Record-setting heat continues.
Last month was the hottest June in in modern history — 0.9 degrees Celsius warmer than the 20th century average — following 14 months of record-breaking heat.
According to the National Oceanic and Atmospheric Administration (NOAA), the last month in which Earth did not encounter any record high temperatures was back in April 2015.
The numbers are based on the NOAA global temperature dataset record, which has been keeping tabs on the heat around the world since 1880.
For the first 6 months of 2016, the planet experienced its warmest half-year on record, with the average temperature 1.3 degrees Celsius warmer than in the late nineteenth century.

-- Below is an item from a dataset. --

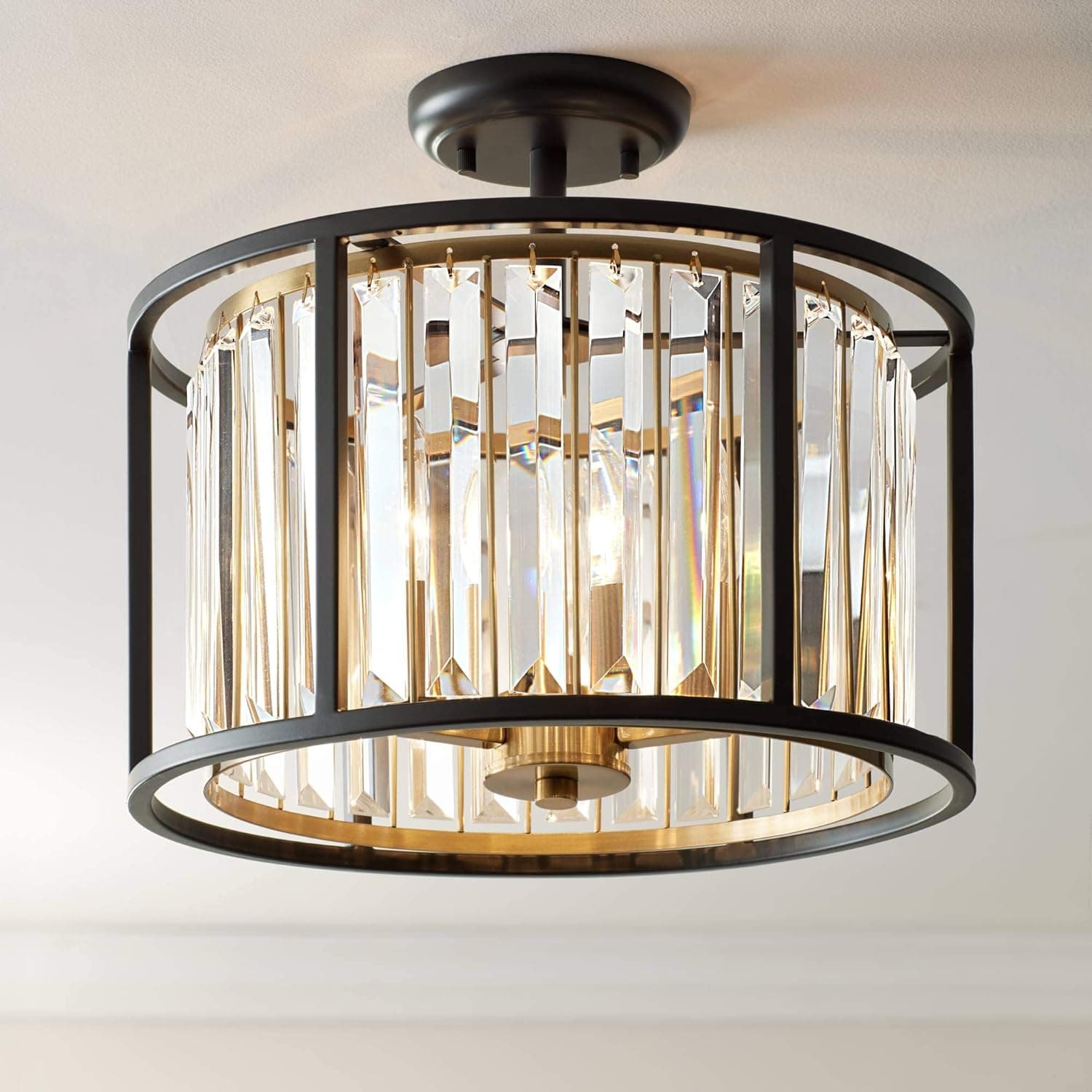 Possini Euro Design Milne Modern Ceiling Light Semi Flush Mount Fixture 14" Wide Bronze Outer Brass Inner Cage Frame Clear Crystal for Bedroom Kitchen Living Room Hallway Bathroom House Dining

According to NASA chief climate scientist Gavin Schmidt, El Niño is only partly to blame for the rise in global temperatures in 2016. “While the El Niño event in the tropical Pacific this winter gave a boost to global temperatures from October onwards, it is the underlying trend which is producing these record numbers,” Schmidt said in a NASA statement.

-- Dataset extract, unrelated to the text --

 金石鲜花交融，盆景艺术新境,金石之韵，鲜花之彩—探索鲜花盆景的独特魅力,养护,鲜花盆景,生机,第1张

Even as the effects of the recent El Niño began to calm down in the spring, global temperatures continued to break records due to human activity.

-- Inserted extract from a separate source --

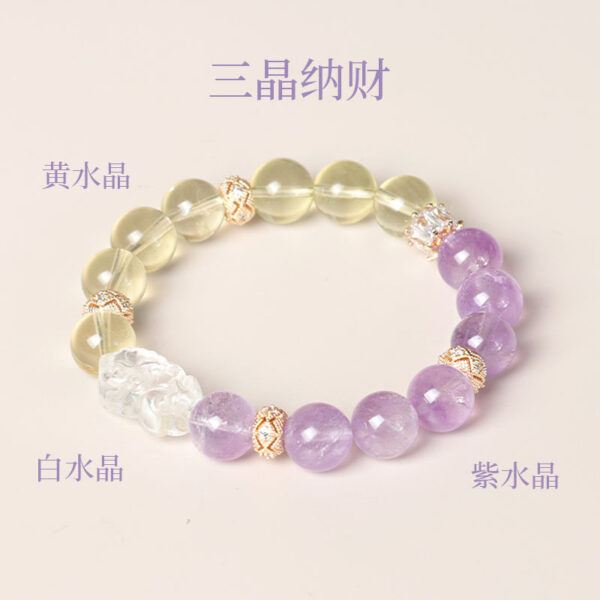 Wealth Master Crystal Bracelet - Natural Citrine & Pyrite Energy Jewelry for Abundance & Success - Image 3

Warming in the Arctic has been even more extreme that the rest of the globe, according to Walt Meier, a sea ice scientist at NASA Goddard.
"It has been a record year so far for global temperatures, but the record high temperatures in the Arctic over the past six months have been even more extreme," Meier said. "This warmth as well as unusual weather patterns have led to the record low sea ice extents so far this year."
With massive heat waves expected to hit the US this month, it doesn’t look like things are going to cool down any time soon.